§ Task details:
Nothing but an exact copy of the records is expected here.

§ Listed entries:
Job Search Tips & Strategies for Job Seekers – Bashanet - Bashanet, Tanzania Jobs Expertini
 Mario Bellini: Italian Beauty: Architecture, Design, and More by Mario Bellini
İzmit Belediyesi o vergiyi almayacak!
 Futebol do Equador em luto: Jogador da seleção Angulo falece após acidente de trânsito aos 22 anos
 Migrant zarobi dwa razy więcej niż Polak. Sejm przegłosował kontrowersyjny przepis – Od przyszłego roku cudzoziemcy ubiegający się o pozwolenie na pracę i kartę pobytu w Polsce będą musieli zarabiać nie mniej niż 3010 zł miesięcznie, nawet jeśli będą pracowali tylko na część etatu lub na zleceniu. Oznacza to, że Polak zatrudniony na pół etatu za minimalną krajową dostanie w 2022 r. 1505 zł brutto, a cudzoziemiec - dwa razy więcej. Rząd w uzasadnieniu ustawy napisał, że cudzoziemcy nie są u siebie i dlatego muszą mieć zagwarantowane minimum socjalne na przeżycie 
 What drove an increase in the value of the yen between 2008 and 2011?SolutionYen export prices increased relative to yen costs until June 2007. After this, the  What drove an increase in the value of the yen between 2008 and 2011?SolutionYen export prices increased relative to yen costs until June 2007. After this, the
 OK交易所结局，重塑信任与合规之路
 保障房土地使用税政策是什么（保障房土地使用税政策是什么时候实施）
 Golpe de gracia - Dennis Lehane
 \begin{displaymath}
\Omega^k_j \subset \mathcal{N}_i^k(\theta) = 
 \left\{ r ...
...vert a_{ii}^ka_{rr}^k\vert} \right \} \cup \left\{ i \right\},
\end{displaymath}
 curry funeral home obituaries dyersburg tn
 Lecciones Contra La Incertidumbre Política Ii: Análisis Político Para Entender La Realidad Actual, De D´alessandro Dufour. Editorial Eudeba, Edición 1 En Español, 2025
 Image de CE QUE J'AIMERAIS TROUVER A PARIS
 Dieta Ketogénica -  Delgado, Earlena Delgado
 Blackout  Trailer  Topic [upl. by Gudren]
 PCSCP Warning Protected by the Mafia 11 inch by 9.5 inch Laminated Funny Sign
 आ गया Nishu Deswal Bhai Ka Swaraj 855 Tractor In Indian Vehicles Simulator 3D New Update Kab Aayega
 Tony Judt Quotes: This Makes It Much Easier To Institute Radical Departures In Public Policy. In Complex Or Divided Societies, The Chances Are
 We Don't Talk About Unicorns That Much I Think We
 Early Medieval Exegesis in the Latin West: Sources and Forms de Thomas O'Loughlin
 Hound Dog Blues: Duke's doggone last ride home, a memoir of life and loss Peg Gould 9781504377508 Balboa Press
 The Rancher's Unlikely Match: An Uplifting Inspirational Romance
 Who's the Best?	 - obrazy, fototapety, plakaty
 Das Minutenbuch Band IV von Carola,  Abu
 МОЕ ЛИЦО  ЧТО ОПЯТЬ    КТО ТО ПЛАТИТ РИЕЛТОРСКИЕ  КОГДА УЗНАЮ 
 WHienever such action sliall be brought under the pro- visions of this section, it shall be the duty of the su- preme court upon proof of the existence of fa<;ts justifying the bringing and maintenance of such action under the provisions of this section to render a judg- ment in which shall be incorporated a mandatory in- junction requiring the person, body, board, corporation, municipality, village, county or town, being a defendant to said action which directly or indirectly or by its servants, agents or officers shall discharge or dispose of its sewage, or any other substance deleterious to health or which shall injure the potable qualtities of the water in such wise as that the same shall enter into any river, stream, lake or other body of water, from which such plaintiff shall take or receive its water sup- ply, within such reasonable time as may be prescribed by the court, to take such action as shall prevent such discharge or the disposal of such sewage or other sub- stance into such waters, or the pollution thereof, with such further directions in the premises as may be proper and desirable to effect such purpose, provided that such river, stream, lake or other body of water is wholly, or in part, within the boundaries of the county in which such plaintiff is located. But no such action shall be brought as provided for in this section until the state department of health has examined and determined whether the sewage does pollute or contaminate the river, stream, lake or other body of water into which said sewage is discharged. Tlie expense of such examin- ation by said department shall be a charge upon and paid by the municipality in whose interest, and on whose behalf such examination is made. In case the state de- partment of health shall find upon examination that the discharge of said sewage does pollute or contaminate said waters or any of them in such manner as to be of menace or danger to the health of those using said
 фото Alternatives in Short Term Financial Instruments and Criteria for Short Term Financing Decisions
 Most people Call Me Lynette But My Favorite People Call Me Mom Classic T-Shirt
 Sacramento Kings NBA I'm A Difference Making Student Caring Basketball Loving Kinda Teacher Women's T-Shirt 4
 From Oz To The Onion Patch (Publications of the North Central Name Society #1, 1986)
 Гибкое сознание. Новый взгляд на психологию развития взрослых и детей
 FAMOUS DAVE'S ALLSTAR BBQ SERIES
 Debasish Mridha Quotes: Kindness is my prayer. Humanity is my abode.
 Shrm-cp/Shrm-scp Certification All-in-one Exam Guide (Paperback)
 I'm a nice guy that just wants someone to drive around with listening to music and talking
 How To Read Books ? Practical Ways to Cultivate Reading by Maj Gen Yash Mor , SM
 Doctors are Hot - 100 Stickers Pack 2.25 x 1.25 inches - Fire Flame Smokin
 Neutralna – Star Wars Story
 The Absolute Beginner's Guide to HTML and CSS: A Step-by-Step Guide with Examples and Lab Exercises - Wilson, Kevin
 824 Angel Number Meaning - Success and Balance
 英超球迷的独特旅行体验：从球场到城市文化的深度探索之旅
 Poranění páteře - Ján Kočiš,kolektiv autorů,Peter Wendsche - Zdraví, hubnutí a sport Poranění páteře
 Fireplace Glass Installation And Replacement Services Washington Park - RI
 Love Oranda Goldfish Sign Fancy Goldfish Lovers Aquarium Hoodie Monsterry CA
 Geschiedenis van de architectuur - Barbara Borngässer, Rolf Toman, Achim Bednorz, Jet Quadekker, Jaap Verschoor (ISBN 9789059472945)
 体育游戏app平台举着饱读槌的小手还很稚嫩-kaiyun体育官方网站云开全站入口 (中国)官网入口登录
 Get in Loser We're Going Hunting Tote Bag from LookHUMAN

§ Result of the task:
Job Search Tips & Strategies for Job Seekers – Bashanet - Bashanet, Tanzania Jobs Expertini
 Mario Bellini: Italian Beauty: Architecture, Design, and More by Mario Bellini
İzmit Belediyesi o vergiyi almayacak!
 Futebol do Equador em luto: Jogador da seleção Angulo falece após acidente de trânsito aos 22 anos
 Migrant zarobi dwa razy więcej niż Polak. Sejm przegłosował kontrowersyjny przepis – Od przyszłego roku cudzoziemcy ubiegający się o pozwolenie na pracę i kartę pobytu w Polsce będą musieli zarabiać nie mniej niż 3010 zł miesięcznie, nawet jeśli będą pracowali tylko na część etatu lub na zleceniu. Oznacza to, że Polak zatrudniony na pół etatu za minimalną krajową dostanie w 2022 r. 1505 zł brutto, a cudzoziemiec - dwa razy więcej. Rząd w uzasadnieniu ustawy napisał, że cudzoziemcy nie są u siebie i dlatego muszą mieć zagwarantowane minimum socjalne na przeżycie 
 What drove an increase in the value of the yen between 2008 and 2011?SolutionYen export prices increased relative to yen costs until June 2007. After this, the  What drove an increase in the value of the yen between 2008 and 2011?SolutionYen export prices increased relative to yen costs until June 2007. After this, the
 OK交易所结局，重塑信任与合规之路
 保障房土地使用税政策是什么（保障房土地使用税政策是什么时候实施）
 Golpe de gracia - Dennis Lehane
 \begin{displaymath}
\Omega^k_j \subset \mathcal{N}_i^k(\theta) = 
 \left\{ r ...
...vert a_{ii}^ka_{rr}^k\vert} \right \} \cup \left\{ i \right\},
\end{displaymath}
 curry funeral home obituaries dyersburg tn
 Lecciones Contra La Incertidumbre Política Ii: Análisis Político Para Entender La Realidad Actual, De D´alessandro Dufour. Editorial Eudeba, Edición 1 En Español, 2025
 Image de CE QUE J'AIMERAIS TROUVER A PARIS
 Dieta Ketogénica -  Delgado, Earlena Delgado
 Blackout  Trailer  Topic [upl. by Gudren]
 PCSCP Warning Protected by the Mafia 11 inch by 9.5 inch Laminated Funny Sign
 आ गया Nishu Deswal Bhai Ka Swaraj 855 Tractor In Indian Vehicles Simulator 3D New Update Kab Aayega
 Tony Judt Quotes: This Makes It Much Easier To Institute Radical Departures In Public Policy. In Complex Or Divided Societies, The Chances Are
 We Don't Talk About Unicorns That Much I Think We
 Early Medieval Exegesis in the Latin West: Sources and Forms de Thomas O'Loughlin
 Hound Dog Blues: Duke's doggone last ride home, a memoir of life and loss Peg Gould 9781504377508 Balboa Press
 The Rancher's Unlikely Match: An Uplifting Inspirational Romance
 Who's the Best?	 - obrazy, fototapety, plakaty
 Das Minutenbuch Band IV von Carola,  Abu
 МОЕ ЛИЦО  ЧТО ОПЯТЬ    КТО ТО ПЛАТИТ РИЕЛТОРСКИЕ  КОГДА УЗНАЮ 
 WHienever such action sliall be brought under the pro- visions of this section, it shall be the duty of the su- preme court upon proof of the existence of fa<;ts justifying the bringing and maintenance of such action under the provisions of this section to render a judg- ment in which shall be incorporated a mandatory in- junction requiring the person, body, board, corporation, municipality, village, county or town, being a defendant to said action which directly or indirectly or by its servants, agents or officers shall discharge or dispose of its sewage, or any other substance deleterious to health or which shall injure the potable qualtities of the water in such wise as that the same shall enter into any river, stream, lake or other body of water, from which such plaintiff shall take or receive its water sup- ply, within such reasonable time as may be prescribed by the court, to take such action as shall prevent such discharge or the disposal of such sewage or other sub- stance into such waters, or the pollution thereof, with such further directions in the premises as may be proper and desirable to effect such purpose, provided that such river, stream, lake or other body of water is wholly, or in part, within the boundaries of the county in which such plaintiff is located. But no such action shall be brought as provided for in this section until the state department of health has examined and determined whether the sewage does pollute or contaminate the river, stream, lake or other body of water into which said sewage is discharged. Tlie expense of such examin- ation by said department shall be a charge upon and paid by the municipality in whose interest, and on whose behalf such examination is made. In case the state de- partment of health shall find upon examination that the discharge of said sewage does pollute or contaminate said waters or any of them in such manner as to be of menace or danger to the health of those using said
 фото Alternatives in Short Term Financial Instruments and Criteria for Short Term Financing Decisions
 Most people Call Me Lynette But My Favorite People Call Me Mom Classic T-Shirt
 Sacramento Kings NBA I'm A Difference Making Student Caring Basketball Loving Kinda Teacher Women's T-Shirt 4
 From Oz To The Onion Patch (Publications of the North Central Name Society #1, 1986)
 Гибкое сознание. Новый взгляд на психологию развития взрослых и детей
 FAMOUS DAVE'S ALLSTAR BBQ SERIES
 Debasish Mridha Quotes: Kindness is my prayer. Humanity is my abode.
 Shrm-cp/Shrm-scp Certification All-in-one Exam Guide (Paperback)
 I'm a nice guy that just wants someone to drive around with listening to music and talking
 How To Read Books ? Practical Ways to Cultivate Reading by Maj Gen Yash Mor , SM
 Doctors are Hot - 100 Stickers Pack 2.25 x 1.25 inches - Fire Flame Smokin
 Neutralna – Star Wars Story
 The Absolute Beginner's Guide to HTML and CSS: A Step-by-Step Guide with Examples and Lab Exercises - Wilson, Kevin
 824 Angel Number Meaning - Success and Balance
 英超球迷的独特旅行体验：从球场到城市文化的深度探索之旅
 Poranění páteře - Ján Kočiš,kolektiv autorů,Peter Wendsche - Zdraví, hubnutí a sport Poranění páteře
 Fireplace Glass Installation And Replacement Services Washington Park - RI
 Love Oranda Goldfish Sign Fancy Goldfish Lovers Aquarium Hoodie Monsterry CA
 Geschiedenis van de architectuur - Barbara Borngässer, Rolf Toman, Achim Bednorz, Jet Quadekker, Jaap Verschoor (ISBN 9789059472945)
 体育游戏app平台举着饱读槌的小手还很稚嫩-kaiyun体育官方网站云开全站入口 (中国)官网入口登录
 Get in Loser We're Going Hunting Tote Bag from LookHUMAN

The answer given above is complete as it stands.